I was always raised with this view of the world, through images and text — and the disconnects and connections between the two.
"My father also functioned in a similar form with this hobby — but it was more obsessive than a hobby. He travelled throughout the world working for the government, but also produced tons of photographs in quite remote and distant areas. He would come back with these fantastical stories associated with them all.
"I was always raised with this view of the world, through images and text — and the disconnects and connections between the two."
My life in photography
"When I was younger, for financial and physical reasons, I couldn't go on all these travels with my father. I had no access to the broader world, but I got this incredible education about it through his images. It was, in a way, kind of like the early panoramas — where you would go and travel, but not. It was how I got my understanding of distant cultures, politics and religion, and a way of constructing fantasies as well. It was something that I later applied to my own work.
"I carry that forward, this relationship between the image and text — and how one can influence the other. My father's narrative could completely influence my understanding of the space I was looking at — and it's a very specific view of that.
I carry that forward, this relationship between the image and text — and how one can influence the other.
"I went through every phase that one does in the beginning of photography. So it was explorations in black and white, and a lot of time developing my own negatives, printing, family portraits and self-portraiture. I was primarily studying the technical side, playing around with different ways of developing, printing, negative treatment and exposures. I was just learning.

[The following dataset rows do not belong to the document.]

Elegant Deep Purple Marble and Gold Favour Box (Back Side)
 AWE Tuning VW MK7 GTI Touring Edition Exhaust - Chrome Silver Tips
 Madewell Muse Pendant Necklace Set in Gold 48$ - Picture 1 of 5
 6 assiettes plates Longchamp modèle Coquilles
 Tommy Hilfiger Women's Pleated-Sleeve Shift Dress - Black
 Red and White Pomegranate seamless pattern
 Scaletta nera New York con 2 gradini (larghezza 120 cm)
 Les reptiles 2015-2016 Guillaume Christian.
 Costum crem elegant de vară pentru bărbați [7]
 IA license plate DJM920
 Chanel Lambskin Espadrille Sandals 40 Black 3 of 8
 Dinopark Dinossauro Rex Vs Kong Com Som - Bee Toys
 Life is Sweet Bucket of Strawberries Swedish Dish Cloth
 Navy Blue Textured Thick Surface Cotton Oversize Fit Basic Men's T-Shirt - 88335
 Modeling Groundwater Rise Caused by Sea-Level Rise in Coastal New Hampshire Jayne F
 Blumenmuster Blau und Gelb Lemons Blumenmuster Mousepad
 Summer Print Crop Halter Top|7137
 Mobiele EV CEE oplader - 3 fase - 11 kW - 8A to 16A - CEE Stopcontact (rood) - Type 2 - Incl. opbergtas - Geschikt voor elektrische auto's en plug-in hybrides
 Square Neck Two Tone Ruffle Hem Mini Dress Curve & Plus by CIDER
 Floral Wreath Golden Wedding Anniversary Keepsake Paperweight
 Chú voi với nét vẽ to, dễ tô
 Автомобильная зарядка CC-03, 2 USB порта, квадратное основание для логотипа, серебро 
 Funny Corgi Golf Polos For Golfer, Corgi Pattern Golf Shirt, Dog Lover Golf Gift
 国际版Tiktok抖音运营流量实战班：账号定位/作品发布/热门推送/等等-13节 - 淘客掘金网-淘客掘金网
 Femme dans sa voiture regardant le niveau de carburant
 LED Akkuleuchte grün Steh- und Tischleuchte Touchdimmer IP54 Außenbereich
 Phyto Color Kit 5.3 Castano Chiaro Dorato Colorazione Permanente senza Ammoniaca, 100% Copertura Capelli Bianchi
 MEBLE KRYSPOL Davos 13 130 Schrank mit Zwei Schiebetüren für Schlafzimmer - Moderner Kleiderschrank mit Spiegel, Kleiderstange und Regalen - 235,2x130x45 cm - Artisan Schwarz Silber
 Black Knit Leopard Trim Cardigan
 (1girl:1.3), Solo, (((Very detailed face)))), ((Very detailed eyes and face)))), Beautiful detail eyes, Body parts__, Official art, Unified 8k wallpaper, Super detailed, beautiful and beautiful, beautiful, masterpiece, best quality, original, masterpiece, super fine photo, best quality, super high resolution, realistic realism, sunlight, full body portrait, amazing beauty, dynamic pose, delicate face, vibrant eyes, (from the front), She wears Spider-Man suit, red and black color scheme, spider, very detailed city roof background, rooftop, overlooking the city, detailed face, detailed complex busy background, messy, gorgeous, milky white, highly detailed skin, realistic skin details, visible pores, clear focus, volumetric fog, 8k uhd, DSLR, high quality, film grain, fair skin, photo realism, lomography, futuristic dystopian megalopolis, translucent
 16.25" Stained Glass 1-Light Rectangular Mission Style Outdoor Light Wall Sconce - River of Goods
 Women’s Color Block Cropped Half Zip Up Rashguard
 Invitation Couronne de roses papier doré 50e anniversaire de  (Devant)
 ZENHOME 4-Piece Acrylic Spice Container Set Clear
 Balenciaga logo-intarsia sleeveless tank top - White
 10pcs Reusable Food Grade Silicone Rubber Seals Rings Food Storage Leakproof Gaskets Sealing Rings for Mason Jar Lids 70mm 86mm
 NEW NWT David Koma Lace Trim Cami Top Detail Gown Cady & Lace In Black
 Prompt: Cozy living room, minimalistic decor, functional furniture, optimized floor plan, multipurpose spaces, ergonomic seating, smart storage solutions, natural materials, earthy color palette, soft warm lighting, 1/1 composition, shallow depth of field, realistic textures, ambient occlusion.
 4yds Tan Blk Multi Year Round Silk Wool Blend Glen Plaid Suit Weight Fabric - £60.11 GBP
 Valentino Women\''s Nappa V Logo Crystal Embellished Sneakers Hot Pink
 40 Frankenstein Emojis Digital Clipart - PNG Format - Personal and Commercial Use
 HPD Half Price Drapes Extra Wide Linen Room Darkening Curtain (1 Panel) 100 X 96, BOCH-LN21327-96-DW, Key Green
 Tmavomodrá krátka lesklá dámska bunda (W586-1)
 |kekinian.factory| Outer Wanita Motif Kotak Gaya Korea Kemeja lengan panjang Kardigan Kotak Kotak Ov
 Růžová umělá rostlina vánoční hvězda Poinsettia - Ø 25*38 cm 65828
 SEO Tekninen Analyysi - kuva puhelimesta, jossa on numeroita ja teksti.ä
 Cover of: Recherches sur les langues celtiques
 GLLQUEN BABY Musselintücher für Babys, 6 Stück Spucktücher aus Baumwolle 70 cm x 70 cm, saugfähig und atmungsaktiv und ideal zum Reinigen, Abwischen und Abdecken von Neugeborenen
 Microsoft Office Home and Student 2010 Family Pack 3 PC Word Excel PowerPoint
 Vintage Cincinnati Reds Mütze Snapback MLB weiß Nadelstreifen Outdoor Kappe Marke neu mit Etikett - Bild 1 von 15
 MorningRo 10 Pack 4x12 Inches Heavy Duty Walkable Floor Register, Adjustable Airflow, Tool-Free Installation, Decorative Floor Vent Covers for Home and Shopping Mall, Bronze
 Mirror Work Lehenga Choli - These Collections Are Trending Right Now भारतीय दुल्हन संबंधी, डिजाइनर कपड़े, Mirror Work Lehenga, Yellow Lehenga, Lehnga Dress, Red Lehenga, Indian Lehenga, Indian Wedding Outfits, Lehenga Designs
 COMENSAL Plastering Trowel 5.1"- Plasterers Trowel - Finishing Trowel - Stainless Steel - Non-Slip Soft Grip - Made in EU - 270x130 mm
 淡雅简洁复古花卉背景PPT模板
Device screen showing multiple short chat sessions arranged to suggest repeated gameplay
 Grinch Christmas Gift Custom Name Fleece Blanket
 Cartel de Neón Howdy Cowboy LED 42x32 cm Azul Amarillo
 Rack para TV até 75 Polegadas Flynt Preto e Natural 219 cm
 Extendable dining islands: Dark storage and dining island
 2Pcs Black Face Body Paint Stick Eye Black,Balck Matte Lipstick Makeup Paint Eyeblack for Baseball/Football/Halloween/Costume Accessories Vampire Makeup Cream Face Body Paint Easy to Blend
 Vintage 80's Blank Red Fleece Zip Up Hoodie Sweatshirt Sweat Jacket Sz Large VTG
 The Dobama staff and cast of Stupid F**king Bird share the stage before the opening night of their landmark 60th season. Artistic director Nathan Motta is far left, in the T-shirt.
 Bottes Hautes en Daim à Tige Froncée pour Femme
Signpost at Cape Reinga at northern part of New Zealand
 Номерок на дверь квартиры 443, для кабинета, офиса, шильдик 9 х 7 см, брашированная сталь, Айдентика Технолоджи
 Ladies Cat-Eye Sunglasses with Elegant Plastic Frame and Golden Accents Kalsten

"It became a permanent truth. I'm always interested in that."
Chaotic stories of survival
"In my work, certainly in A Living Man Declared Dead and Other Chapters, the narratives are often chaotic stories of survival, and very tragic. There's this hunger for images associated with narratives like that — that feeds on these emotional triggers that we want to satisfy.
"I always photograph from what's sometimes seen as an irritating distance, where it can almost seem cold. I insist on maintaining that position in the way in which I photograph all the individuals in my work.
"I'm taking a position of saying, 'I don't know.' I'm not claiming to have any deeper access into what their experiences are than the audience themselves.
I always photograph from what's sometimes seen as an irritating distance, where it can almost seem cold.
"I am, therefore, creating a more awkward engagement for the audience when they're confronted with these images."
Taryn Simon's comments have been edited for length and clarity.